Second, much of the wording in this book is ambiguous, and in some cases there are major errors. It's not always clear what an exercise is asking you to do, and the mistakes can really set you back and waste your time. The subject matter is difficult enough without throwing away hours of effort just because the book didn't give you clear instructions or explanations.
Third, there's just not enough reinforcement in this book. On this plus side, this means you're learning something new with each and every exercise, but the problem is that the near-zero repetition doesn't leave much room for the learning to sink in. I would have really appreciated a handful of reinforcement problems for the most essential concepts.
As a tutoring aid, this book would probably get 5 stars. In that situation, the tutor can have worked everything out ahead of time and guide the student through the many challenges in this book. But as a self-study tool, or even a classroom text, this classic tome has a few too many issues. It earns 3 stars for the high quality of Gelfand's approach and explanations, but the issues with the exercises keep it from a true recommendation. If this book were to be republished some day with corrections and a full set of solutions, I would have no problem giving it 5 stars.
Students are also exposed to reading and writing proof this early in the book. Problem 42, which asks the readers to prove that a/b and c/d is a neighbour faction, is already challenging enough to become a question on many math forums.
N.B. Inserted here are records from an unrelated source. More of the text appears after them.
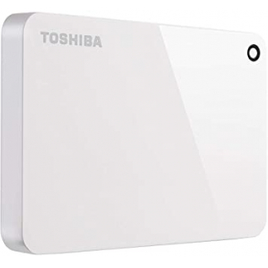 Imagem da oferta HD Externo Toshiba Canvio Advance 2TB Branco USB 3.0 - HDTC920XW3AA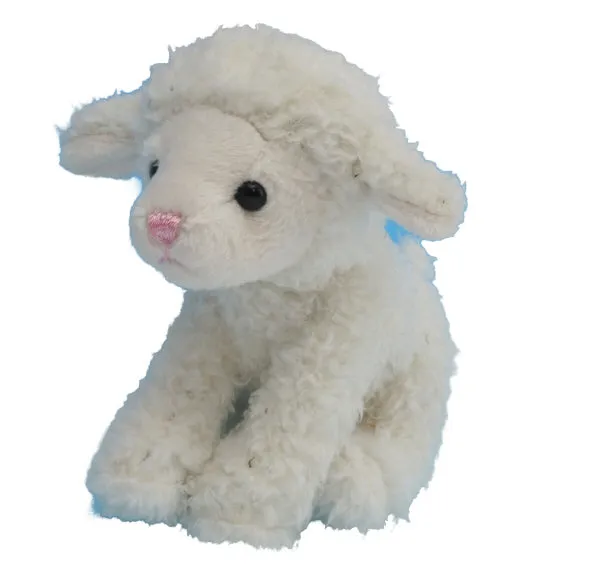 Antics Mac And Missy Mini Lamb
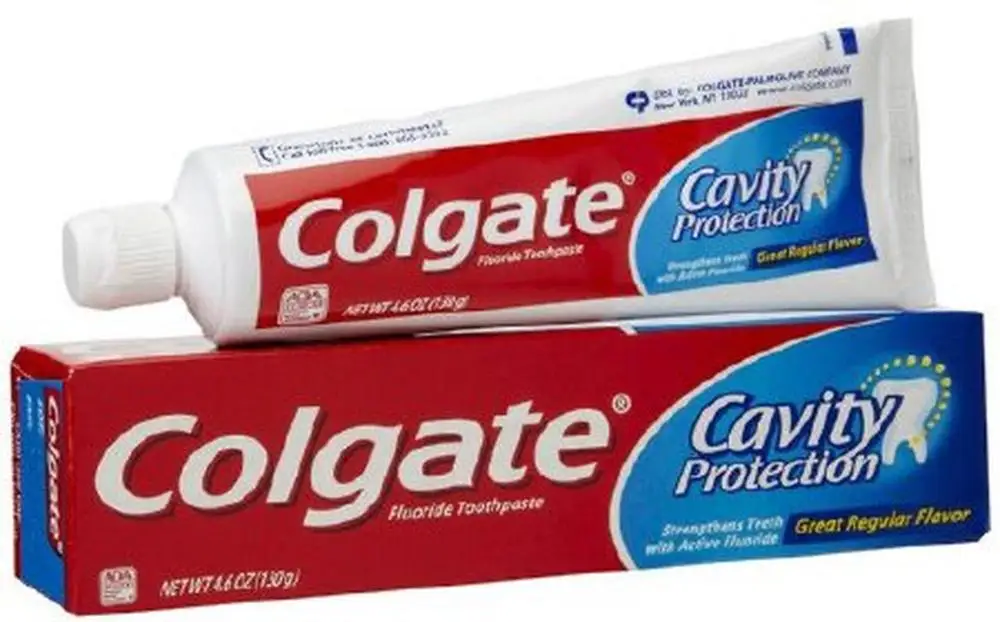 colgate mk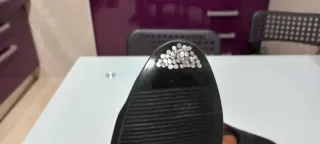 Zapatos Flamenca Negros Talla 40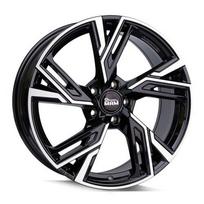 Ratlankis MAM LEICHTMETALLRÄDER R19x8.5 5x120 ET 35 CB 72 (Black Front Polished)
Less known are the particular problems 31 and 32 which asks you to come up with a way to put the parentheses in the product of 5 and then 99 terms so that all variations are not left out. The solution prompts one to review the basic formulas of permutation and combination, which is not covered in this book at all.
Towards the end the book even introduces the AM-GM inequality, this is something very familiar with almost all students in the former Soviet Union countries, but not introduced directly in American high school textbook, according to my own limited knowledge.
The aim is thus to introducing mathematical reasoning and rigour to young students or even adults and much less on computation. This is the essence of learning mathematics.
Thus, 4 stars for a simple but in-depth presentation of one of the oldest branches of mathematics, 4 stars for the achievement of Soviet mathematics education within 4 decades (1950s-1990s).